Several years ago, Antique Daddy and I (Antique Couple at that point) were at a Christmas party in the home of a business associate. The house was aglow in all its holiday glory. There was a cacophony of holiday music, conversation, laughing, and happy, noisy children. I was sitting in front of a roaring fire, sipping a glass of wine and admiring the stockings hung just so from the mantle. It was a Norman Rockwell scene, until…. (cue the soundtrack from Jaws) I innocently remarked that if Santa were to come down the chimney tonight he would burn his butt.
The room went completely silent. The bulbs on the tree dimmed. The fire was nearly snuffed out as the oxygen was sucked from the room as everyone simultaneously gasped in horror.
The little boy standing nearest to me dropped the toy he was playing with and clutched his face like Macaulay Culkin in Home Alone. He stood there with his mouth agape unable to make a sound. Then he started fanning his face with both hands as though he had the vapors. “You! Can’t! Say! That!” he managed to sputter. And then he said it again, as though I didn’t get it. And apparently I didn’t because I then said, “Can’t say what? Butt? What’s wrong with butt? Is butt a bad word? Who doesn’t say butt?” And it was at that point he ran off screaming, “Mommy! Mommy! She said b-u-t-t!”
With nothing more (egregious) that could be done, I lifted my glass to the crowd, said “Bottoms up!” and downed the remainder of my wine. I then collected my husband from behind the curtains where he was pretending to be invisible and we slunk off into the night to destroy more unsuspecting children. Perhaps at the next party I could announce that there is no Santa Clause.

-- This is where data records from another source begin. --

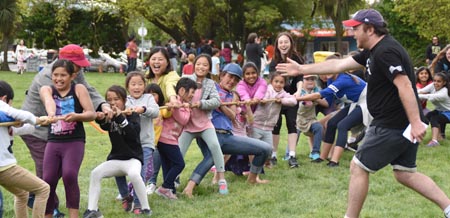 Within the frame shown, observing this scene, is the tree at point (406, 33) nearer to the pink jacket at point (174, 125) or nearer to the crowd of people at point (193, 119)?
the crowd of people at point (193, 119)

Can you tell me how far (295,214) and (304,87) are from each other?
330cm

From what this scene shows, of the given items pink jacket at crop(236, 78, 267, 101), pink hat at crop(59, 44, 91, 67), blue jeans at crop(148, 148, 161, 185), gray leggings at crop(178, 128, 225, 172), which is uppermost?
pink hat at crop(59, 44, 91, 67)

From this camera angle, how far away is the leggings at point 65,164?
573cm

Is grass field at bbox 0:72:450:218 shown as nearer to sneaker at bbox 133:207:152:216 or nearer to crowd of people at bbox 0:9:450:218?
sneaker at bbox 133:207:152:216

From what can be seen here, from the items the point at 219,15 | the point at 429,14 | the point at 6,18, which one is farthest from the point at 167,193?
the point at 6,18

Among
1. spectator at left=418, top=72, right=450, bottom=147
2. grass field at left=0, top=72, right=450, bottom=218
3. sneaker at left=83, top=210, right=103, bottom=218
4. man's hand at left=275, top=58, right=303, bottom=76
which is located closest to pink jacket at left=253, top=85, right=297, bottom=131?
grass field at left=0, top=72, right=450, bottom=218

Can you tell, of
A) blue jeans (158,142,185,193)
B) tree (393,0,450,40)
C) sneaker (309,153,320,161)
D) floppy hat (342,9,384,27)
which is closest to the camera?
floppy hat (342,9,384,27)

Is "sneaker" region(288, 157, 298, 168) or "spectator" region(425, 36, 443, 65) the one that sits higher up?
"spectator" region(425, 36, 443, 65)

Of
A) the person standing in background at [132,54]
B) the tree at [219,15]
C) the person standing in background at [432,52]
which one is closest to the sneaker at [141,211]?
the person standing in background at [432,52]

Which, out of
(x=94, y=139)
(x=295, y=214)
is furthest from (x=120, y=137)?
(x=94, y=139)

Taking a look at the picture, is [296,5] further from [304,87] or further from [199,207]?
[199,207]

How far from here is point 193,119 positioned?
741cm

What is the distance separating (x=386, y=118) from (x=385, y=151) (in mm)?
280

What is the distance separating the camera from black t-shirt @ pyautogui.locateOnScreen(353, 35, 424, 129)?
5.34 meters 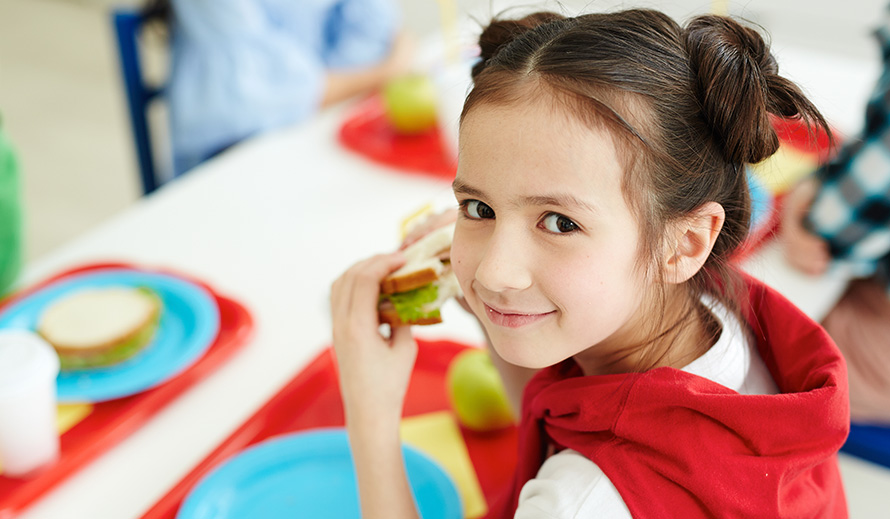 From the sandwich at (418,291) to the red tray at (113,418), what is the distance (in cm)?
29

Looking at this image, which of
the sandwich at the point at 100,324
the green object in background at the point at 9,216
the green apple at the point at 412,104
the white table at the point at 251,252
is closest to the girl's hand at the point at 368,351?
the white table at the point at 251,252

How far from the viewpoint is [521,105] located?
2.07ft

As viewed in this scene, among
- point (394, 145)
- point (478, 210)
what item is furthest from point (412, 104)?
point (478, 210)

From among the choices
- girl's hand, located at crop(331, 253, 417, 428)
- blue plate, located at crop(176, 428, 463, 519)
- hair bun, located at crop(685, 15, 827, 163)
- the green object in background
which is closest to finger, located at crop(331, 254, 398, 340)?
girl's hand, located at crop(331, 253, 417, 428)

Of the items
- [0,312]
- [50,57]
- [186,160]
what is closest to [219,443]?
[0,312]

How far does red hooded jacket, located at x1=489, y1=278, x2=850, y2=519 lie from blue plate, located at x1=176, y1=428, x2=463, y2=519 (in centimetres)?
23

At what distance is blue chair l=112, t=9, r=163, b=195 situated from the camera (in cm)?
162

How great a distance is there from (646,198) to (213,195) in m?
0.96

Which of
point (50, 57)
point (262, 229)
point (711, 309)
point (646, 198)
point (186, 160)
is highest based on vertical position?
point (646, 198)

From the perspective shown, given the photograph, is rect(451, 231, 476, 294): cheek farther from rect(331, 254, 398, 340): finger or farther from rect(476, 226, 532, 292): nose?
rect(331, 254, 398, 340): finger

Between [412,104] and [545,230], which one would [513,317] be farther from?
[412,104]

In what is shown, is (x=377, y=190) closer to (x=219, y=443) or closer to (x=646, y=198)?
(x=219, y=443)

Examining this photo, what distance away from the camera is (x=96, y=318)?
1.01 m

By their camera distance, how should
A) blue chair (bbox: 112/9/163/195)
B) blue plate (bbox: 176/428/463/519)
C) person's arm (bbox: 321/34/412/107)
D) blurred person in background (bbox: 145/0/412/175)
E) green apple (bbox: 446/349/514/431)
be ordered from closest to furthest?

After the Christmas party incident, I wondered what other people thought about The Word That Must Not Be Spoken. So I took an informal poll among my friends and I got a wide and varied response depending on what region of the country I was polling. My friends from the UK use the term bum (or is it truly a 4-letter word, bumm?) My southern friends say “bottom” but will use the word “tail” if the situation warrants, as in “Bucky Joe, you get yoah tail ovuh here right now!” The mid-westerners I polled use the word “behind” and some of my older relatives say “fanny.” And the list goes on and on. It seems everyone has a pet name for their, umm… backside.
I guess the moral of the story is this: When at a party, know what part of the country you’re in and beyond that, sit on it — don’t say it.